(reissued) January 2013

Nampally Road (1991)

Village Voice Literary Supplement, Editors’ Choice

Reissued 2013

Summary of Nampally Road

After four years as a student in England, Mira Kannadical returns to India to teach and write, hoping that “by writing a few poems . . . I could start to stitch it all together: my birth in India, a few years after national independence, my colonial education, my rebellion against the arranged marriage my mother had in mind for me, my years of research in England.”

But the India that Mira finds, teems with confusion and unrest.

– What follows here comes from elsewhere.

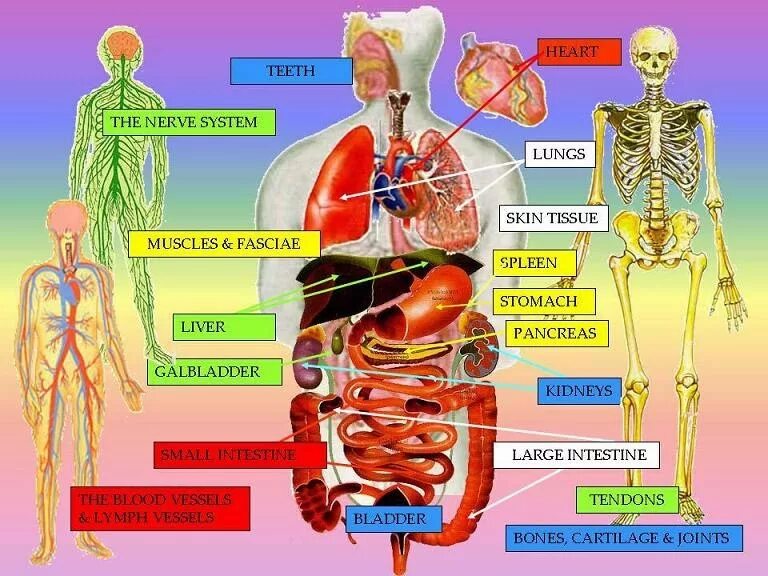 Китайская медицина органы. Органы в китайской медицине. Парные органы тела человека. Парные органы по китайской медицине. Парные органы у человека в китайской медицине.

As the conflict between the townspeople and police reaches a boiling point, Mira realises that the unrest in the souls of Indian men and women is ‘too visible, too turbulent already to permit the kinds of writing I had once learnt to value.’ Turning from poetry, Mira looks to people around her to help define herself: Durgabai, practical and devoted to her patients; Old Swami Chari, preaching that this world’s sufferings are only an illusion; and her rebellious lover Ramu, urging her towards dangerous political action.

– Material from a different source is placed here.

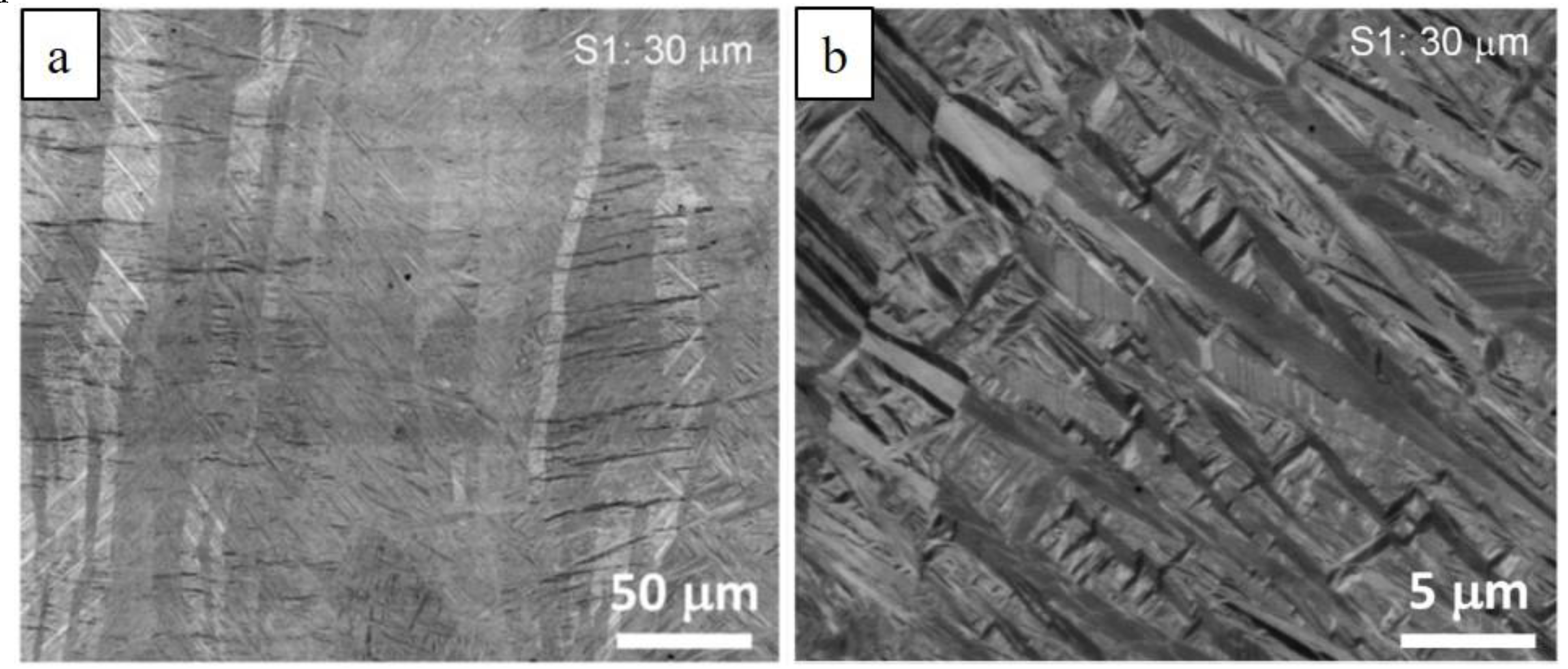 Designs 03 00021 g002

Haunting and lyrical, Nampally Road vividly portrays contemporary India and one woman’s struggle to piece together her past.

Praise for Nampally Road

“Like Meena Alexander’s poetry, her first novel is a deeply moving blend of lyric beauty and uncompromising toughness. Nampally Road plunges into the tumult, squalor, and corruption of postcolonial India, yet stands back from it at the same time. Alexander’s prose is both passionate and hard, vividly immediate yet always crystal clear… a grim, beautiful book” — Walter Kendrick

“With its restless crowds, cinemas, shops, temples, mango sellers, cobblers, cafes, and bars, Nampally Road becomes a metaphor for contemporary India. Alexander has given us an unsentimental, multifaceted portrait, thankfully remote from that of the British Raj. Her lyrical narrative has the eloquent economy that marks her best poetry … Alexander treads the waters of fiction lightly and gracefully” — Village Voice.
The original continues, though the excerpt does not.